New to this series? Start the journey with day one, or go back further to why I wanted to buy a Mac in the first place.

  • 1. Yeah—I stopped attaching an external disk because of the wake-up lag for the disk. It’s not always, but it is more often than I’d like. Irritating. Maybe you can adjust how quickly your external disk sleeps? (My external disk enclosure eventually died anyway, so I put the disks into a WDEX2 and never looked back.)

    2. Shift+Click in Mac generally is select multiple items, not range, except in the list view. Yet another reason I almost always use the list view. If you want to do multiple selection in Icon view, drag a bounding box. Yeah, I don’t get the specialization either, probably historical.

    3. Time Machine uses a lot of space because it keeps historical versions. Super-handy *if* you can afford the space. I use a separate disk (Time Capsule) for Time Machine backups compared to my NAS.

    4. Finder not showing a spinner or hourglass when waiting for your NAS to wake up is indeed irritating. You learn to wait and discover that Finder is a half-baked app and has always been on macOS.

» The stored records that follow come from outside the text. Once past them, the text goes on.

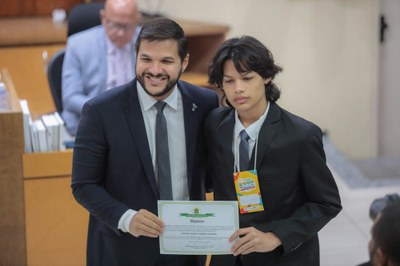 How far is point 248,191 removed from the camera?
2311mm

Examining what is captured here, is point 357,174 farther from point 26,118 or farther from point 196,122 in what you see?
point 196,122

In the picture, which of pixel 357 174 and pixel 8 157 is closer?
pixel 8 157

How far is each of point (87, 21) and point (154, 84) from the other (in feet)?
9.66

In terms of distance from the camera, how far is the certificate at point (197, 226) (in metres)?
2.29

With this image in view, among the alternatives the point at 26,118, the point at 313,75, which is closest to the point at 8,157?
the point at 26,118

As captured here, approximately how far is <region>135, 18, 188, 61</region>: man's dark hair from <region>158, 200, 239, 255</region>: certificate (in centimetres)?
46

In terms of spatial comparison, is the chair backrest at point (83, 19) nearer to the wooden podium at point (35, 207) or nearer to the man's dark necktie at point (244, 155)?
the wooden podium at point (35, 207)

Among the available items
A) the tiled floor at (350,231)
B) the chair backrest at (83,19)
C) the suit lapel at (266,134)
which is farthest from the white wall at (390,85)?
the suit lapel at (266,134)

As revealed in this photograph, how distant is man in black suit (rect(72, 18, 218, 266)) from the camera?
2.37 meters

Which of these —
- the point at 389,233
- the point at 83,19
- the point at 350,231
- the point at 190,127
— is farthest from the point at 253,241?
the point at 83,19

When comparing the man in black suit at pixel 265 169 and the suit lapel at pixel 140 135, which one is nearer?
the man in black suit at pixel 265 169

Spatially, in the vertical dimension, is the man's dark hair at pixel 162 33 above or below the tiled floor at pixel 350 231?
above

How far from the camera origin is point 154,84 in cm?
238

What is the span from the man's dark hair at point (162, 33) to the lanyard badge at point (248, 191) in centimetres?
41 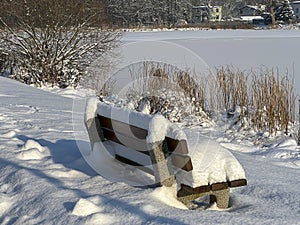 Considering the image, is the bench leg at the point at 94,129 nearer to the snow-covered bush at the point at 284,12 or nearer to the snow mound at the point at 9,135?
the snow mound at the point at 9,135

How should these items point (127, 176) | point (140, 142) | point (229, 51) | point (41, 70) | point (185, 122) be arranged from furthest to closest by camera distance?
point (229, 51) < point (41, 70) < point (185, 122) < point (127, 176) < point (140, 142)

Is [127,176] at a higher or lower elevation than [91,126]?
lower

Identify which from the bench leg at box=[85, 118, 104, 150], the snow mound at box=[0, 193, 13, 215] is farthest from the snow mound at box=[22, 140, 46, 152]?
the snow mound at box=[0, 193, 13, 215]

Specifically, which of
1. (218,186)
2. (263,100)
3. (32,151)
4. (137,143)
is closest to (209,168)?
(218,186)

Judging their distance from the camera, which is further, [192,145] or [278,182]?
[278,182]

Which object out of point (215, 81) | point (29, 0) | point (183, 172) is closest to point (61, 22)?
point (29, 0)

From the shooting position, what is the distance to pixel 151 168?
152 inches

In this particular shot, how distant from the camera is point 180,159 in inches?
135

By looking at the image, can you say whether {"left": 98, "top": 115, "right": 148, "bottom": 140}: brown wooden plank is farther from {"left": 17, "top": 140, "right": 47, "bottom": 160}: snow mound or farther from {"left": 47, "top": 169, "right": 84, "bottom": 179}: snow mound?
{"left": 17, "top": 140, "right": 47, "bottom": 160}: snow mound

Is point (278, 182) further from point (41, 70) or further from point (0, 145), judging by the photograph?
point (41, 70)

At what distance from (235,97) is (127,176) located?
4407 millimetres

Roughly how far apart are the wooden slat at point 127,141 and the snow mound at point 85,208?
0.57 m

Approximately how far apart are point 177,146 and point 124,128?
616 mm

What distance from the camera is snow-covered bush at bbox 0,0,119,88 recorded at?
42.0ft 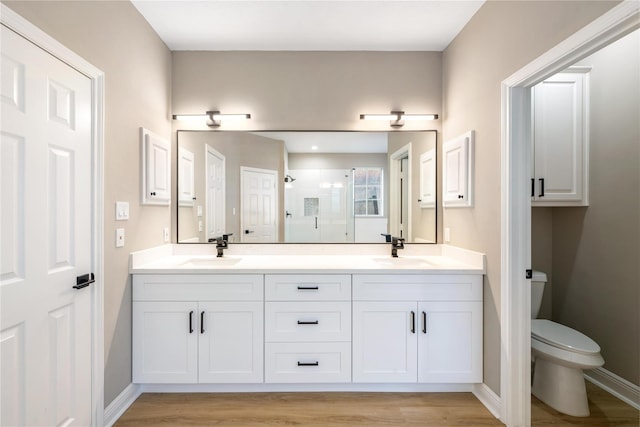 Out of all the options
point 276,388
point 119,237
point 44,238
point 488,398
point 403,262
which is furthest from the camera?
point 403,262

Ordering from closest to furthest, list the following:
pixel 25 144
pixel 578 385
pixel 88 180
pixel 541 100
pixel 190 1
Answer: pixel 25 144 < pixel 88 180 < pixel 578 385 < pixel 190 1 < pixel 541 100

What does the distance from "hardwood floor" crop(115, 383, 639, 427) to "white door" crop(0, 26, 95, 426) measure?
1.54ft

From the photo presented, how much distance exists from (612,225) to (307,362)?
2.35 metres

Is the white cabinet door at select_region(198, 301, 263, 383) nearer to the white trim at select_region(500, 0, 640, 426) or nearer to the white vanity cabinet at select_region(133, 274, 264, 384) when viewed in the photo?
the white vanity cabinet at select_region(133, 274, 264, 384)

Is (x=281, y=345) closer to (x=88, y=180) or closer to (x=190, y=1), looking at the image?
(x=88, y=180)

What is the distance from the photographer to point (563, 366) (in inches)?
72.9

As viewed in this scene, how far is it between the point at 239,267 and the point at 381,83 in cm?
192

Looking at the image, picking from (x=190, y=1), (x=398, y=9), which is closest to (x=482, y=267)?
(x=398, y=9)

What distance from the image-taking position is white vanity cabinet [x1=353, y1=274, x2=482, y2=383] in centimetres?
202

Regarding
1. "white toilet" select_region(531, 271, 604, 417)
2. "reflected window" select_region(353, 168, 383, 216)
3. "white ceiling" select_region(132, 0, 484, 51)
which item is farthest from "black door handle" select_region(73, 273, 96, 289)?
"white toilet" select_region(531, 271, 604, 417)

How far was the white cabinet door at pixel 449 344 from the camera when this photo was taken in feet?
6.62

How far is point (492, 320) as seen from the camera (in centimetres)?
192

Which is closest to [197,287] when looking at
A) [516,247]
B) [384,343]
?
[384,343]

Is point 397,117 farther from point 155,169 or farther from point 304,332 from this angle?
point 155,169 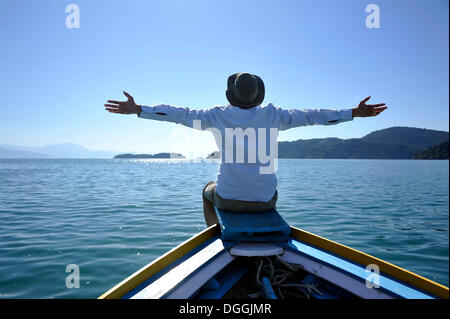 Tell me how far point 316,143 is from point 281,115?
175 m

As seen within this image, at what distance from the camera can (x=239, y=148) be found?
2.80 m

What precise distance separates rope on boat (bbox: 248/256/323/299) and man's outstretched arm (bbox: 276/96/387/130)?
148cm

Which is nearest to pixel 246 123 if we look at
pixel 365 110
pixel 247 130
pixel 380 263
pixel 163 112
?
pixel 247 130

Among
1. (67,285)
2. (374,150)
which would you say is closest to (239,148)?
(67,285)

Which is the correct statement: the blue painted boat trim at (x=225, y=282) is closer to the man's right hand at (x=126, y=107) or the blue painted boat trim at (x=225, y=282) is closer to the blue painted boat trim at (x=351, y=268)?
the blue painted boat trim at (x=351, y=268)

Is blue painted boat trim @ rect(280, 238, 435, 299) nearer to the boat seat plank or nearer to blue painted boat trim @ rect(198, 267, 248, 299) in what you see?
the boat seat plank

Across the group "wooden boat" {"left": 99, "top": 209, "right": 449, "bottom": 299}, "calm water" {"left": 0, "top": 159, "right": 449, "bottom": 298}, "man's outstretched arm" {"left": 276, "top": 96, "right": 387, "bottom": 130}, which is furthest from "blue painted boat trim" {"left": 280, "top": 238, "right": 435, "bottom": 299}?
"man's outstretched arm" {"left": 276, "top": 96, "right": 387, "bottom": 130}

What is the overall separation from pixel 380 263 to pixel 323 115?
62.9 inches

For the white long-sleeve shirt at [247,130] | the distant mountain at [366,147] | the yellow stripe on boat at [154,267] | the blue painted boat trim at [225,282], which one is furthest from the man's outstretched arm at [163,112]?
the distant mountain at [366,147]

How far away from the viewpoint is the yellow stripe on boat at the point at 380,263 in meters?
1.90

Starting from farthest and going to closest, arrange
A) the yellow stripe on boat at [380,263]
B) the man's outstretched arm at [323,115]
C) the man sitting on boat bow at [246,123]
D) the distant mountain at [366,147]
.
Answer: the distant mountain at [366,147] < the man's outstretched arm at [323,115] < the man sitting on boat bow at [246,123] < the yellow stripe on boat at [380,263]

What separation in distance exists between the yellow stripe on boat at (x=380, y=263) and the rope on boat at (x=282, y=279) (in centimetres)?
51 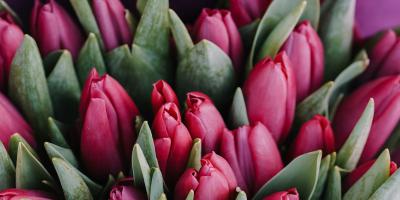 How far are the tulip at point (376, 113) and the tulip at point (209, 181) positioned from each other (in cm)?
12

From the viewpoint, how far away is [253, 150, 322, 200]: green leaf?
1.42ft

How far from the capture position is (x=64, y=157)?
1.48ft

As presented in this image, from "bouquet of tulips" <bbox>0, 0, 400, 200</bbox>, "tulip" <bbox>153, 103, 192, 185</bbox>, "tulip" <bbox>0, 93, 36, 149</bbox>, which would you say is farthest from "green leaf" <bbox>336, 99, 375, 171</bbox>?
"tulip" <bbox>0, 93, 36, 149</bbox>

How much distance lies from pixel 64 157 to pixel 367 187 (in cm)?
20

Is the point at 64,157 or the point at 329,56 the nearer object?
the point at 64,157

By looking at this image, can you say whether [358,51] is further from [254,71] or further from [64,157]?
[64,157]

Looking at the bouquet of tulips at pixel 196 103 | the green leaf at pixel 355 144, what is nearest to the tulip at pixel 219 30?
the bouquet of tulips at pixel 196 103

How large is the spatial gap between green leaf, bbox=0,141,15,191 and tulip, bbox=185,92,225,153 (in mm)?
116

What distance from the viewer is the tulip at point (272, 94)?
463 mm

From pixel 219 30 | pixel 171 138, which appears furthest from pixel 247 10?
pixel 171 138

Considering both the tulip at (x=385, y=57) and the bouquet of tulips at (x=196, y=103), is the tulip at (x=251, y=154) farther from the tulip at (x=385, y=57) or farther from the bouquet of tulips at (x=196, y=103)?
the tulip at (x=385, y=57)

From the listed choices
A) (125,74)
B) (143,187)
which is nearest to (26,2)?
(125,74)

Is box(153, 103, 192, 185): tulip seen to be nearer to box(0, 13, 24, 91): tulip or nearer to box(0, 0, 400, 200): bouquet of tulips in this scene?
box(0, 0, 400, 200): bouquet of tulips

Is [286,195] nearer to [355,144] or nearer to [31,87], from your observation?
[355,144] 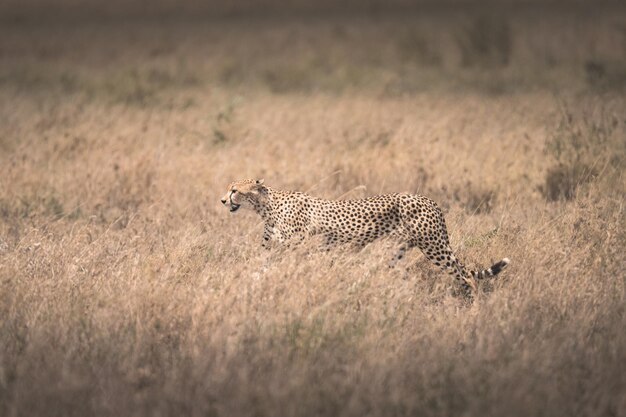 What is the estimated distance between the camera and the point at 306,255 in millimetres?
5137

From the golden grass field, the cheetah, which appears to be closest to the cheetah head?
the cheetah

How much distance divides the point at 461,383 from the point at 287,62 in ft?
49.8

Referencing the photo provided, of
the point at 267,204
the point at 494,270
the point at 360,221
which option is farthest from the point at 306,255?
the point at 494,270

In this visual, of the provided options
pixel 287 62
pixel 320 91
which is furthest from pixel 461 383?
pixel 287 62

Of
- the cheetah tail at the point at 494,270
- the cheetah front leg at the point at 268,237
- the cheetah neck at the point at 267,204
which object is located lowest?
the cheetah tail at the point at 494,270

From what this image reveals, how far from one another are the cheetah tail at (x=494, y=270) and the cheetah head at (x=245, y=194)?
150cm

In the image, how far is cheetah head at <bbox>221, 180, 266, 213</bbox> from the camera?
5.52 metres

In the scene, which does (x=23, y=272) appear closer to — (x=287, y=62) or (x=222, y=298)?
(x=222, y=298)

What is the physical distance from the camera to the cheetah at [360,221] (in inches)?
209

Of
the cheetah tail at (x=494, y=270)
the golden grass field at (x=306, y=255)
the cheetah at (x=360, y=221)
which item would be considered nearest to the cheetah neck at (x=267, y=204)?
the cheetah at (x=360, y=221)

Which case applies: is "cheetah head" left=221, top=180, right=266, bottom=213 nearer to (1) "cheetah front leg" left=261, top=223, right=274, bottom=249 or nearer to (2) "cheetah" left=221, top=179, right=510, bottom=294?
(2) "cheetah" left=221, top=179, right=510, bottom=294

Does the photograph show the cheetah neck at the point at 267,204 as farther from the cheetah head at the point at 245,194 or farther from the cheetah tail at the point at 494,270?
the cheetah tail at the point at 494,270

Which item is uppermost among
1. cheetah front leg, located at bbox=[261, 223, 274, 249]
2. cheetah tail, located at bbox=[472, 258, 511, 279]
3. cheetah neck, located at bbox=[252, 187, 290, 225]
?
cheetah neck, located at bbox=[252, 187, 290, 225]

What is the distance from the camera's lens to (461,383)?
370cm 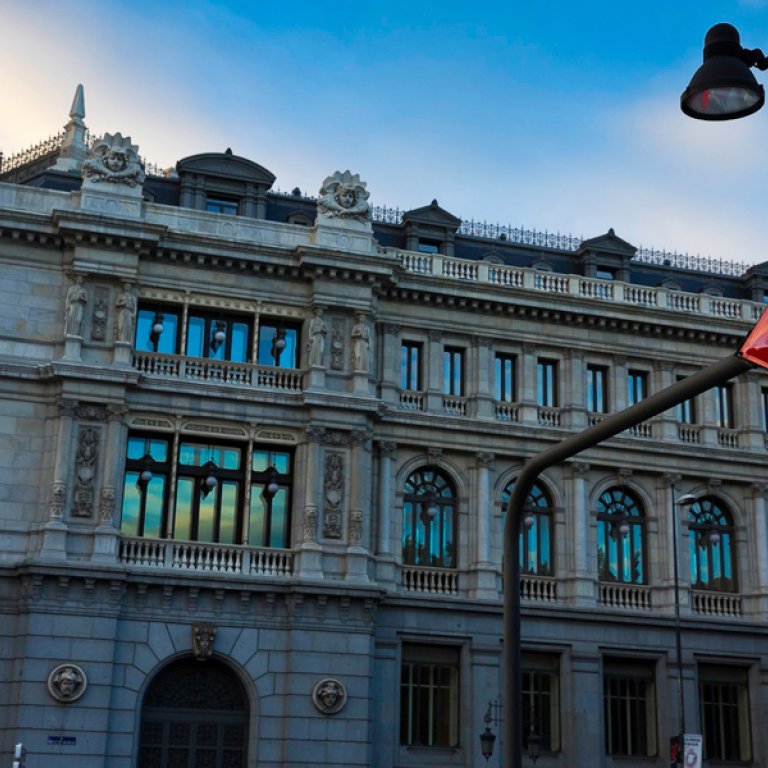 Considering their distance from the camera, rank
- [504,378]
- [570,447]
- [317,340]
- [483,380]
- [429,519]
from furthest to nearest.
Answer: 1. [504,378]
2. [483,380]
3. [429,519]
4. [317,340]
5. [570,447]

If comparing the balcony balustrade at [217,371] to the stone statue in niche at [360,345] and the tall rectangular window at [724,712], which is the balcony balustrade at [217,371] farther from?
the tall rectangular window at [724,712]

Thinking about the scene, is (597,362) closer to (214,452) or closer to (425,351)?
(425,351)

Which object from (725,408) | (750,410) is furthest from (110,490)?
(750,410)

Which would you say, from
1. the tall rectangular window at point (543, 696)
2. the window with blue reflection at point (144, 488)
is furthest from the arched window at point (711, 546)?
the window with blue reflection at point (144, 488)

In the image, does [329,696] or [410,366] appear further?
[410,366]

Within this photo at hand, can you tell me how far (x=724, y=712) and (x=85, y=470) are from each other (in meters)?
23.5

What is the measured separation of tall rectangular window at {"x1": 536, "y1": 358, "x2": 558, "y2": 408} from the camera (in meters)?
48.5

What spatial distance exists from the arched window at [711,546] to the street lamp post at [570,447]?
33.5 metres

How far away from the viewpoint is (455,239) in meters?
51.4

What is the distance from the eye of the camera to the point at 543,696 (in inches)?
1791

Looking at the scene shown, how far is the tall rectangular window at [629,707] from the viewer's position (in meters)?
45.8

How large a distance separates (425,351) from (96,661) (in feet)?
51.2

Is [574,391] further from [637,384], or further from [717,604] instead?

    5. Installing via dragging into the folder!? No, no, no. You want to use Font Book, which is an app. Why it’s not in the Preferences is mostly historical, I believe. There are in fact third-party font managers for OS X dating to its desktop publishing heydays, too.

  • I realized I read this months ago, but never replied. How rude of me. 😆

    1) I didn’t find a way to adjust it, but ultimately have managed to get Time Machine working on my Synology NAS under a new volume, so all is well there.

    2) I’m a very visual person, so I strongly prefer the icon view over list view…it’s irritating that I can’t shift+click and select groups of files that way.

    3) Cool, thanks

    4) Things have surprisingly improved there!

    5) Thanks, I had no idea Font Book existed. That made things much easier!